◆ **EXERCISE OBJECTIVE**:
Where the line containing "Image 8 of property" appears, start copying; continue through the last line below and copy nothing else.

◆ **Short web captions**:
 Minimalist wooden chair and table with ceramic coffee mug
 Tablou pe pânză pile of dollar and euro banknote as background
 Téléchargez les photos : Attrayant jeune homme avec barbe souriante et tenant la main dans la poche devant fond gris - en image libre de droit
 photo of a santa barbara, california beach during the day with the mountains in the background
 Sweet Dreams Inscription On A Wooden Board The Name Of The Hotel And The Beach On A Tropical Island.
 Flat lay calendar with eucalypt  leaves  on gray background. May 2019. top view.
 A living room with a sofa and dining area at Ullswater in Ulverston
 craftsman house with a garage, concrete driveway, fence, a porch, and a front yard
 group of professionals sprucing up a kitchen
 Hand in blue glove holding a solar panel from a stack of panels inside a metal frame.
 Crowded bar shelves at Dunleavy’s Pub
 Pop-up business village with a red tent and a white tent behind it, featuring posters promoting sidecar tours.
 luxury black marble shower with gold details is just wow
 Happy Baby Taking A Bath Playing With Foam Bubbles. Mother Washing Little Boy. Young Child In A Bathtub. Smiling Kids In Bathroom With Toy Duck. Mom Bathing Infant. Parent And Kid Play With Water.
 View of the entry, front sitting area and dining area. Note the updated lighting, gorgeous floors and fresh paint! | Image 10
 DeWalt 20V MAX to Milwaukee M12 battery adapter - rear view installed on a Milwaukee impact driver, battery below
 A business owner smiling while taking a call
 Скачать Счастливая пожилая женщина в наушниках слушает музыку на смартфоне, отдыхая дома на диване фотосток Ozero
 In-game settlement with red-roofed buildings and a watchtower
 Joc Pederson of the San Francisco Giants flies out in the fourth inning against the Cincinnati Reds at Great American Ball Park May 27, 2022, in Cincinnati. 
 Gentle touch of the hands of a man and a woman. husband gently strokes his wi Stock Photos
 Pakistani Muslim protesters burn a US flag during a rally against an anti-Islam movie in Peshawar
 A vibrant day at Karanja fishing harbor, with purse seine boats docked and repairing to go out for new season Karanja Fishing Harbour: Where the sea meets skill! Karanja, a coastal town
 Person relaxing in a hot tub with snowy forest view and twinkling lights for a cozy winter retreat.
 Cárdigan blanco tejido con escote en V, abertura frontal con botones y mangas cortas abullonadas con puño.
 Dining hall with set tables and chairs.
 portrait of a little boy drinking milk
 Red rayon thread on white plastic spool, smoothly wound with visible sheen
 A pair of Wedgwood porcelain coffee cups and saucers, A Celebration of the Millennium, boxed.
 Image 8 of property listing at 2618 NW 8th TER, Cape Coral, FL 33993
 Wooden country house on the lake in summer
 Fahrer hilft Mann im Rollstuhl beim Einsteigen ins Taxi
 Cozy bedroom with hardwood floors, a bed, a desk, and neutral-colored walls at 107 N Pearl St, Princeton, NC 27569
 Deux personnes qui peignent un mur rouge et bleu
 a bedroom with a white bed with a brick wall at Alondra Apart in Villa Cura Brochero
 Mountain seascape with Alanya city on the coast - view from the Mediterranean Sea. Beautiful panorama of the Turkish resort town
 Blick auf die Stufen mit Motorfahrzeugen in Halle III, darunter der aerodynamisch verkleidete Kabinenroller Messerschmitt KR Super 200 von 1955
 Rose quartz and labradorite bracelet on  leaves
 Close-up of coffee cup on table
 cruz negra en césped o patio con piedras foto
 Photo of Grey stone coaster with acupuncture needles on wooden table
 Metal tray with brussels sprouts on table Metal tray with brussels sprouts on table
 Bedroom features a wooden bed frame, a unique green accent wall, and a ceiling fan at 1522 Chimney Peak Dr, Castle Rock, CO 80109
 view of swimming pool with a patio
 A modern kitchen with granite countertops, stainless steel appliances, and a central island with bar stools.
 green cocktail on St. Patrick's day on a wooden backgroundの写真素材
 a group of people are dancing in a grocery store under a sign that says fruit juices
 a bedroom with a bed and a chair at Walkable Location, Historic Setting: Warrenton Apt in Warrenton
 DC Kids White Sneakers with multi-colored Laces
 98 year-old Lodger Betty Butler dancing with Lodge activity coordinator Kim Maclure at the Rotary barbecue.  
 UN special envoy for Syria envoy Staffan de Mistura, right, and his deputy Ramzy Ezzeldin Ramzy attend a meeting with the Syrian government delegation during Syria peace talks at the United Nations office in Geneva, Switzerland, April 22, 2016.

◆ **TASK OUTPUT**:
 Image 8 of property listing at 2618 NW 8th TER, Cape Coral, FL 33993
 Wooden country house on the lake in summer
 Fahrer hilft Mann im Rollstuhl beim Einsteigen ins Taxi
 Cozy bedroom with hardwood floors, a bed, a desk, and neutral-colored walls at 107 N Pearl St, Princeton, NC 27569
 Deux personnes qui peignent un mur rouge et bleu
 a bedroom with a white bed with a brick wall at Alondra Apart in Villa Cura Brochero
 Mountain seascape with Alanya city on the coast - view from the Mediterranean Sea. Beautiful panorama of the Turkish resort town
 Blick auf die Stufen mit Motorfahrzeugen in Halle III, darunter der aerodynamisch verkleidete Kabinenroller Messerschmitt KR Super 200 von 1955
 Rose quartz and labradorite bracelet on  leaves
 Close-up of coffee cup on table
 cruz negra en césped o patio con piedras foto
 Photo of Grey stone coaster with acupuncture needles on wooden table
 Metal tray with brussels sprouts on table Metal tray with brussels sprouts on table
 Bedroom features a wooden bed frame, a unique green accent wall, and a ceiling fan at 1522 Chimney Peak Dr, Castle Rock, CO 80109
 view of swimming pool with a patio
 A modern kitchen with granite countertops, stainless steel appliances, and a central island with bar stools.
 green cocktail on St. Patrick's day on a wooden backgroundの写真素材
 a group of people are dancing in a grocery store under a sign that says fruit juices
 a bedroom with a bed and a chair at Walkable Location, Historic Setting: Warrenton Apt in Warrenton
 DC Kids White Sneakers with multi-colored Laces
 98 year-old Lodger Betty Butler dancing with Lodge activity coordinator Kim Maclure at the Rotary barbecue.  
 UN special envoy for Syria envoy Staffan de Mistura, right, and his deputy Ramzy Ezzeldin Ramzy attend a meeting with the Syrian government delegation during Syria peace talks at the United Nations office in Geneva, Switzerland, April 22, 2016.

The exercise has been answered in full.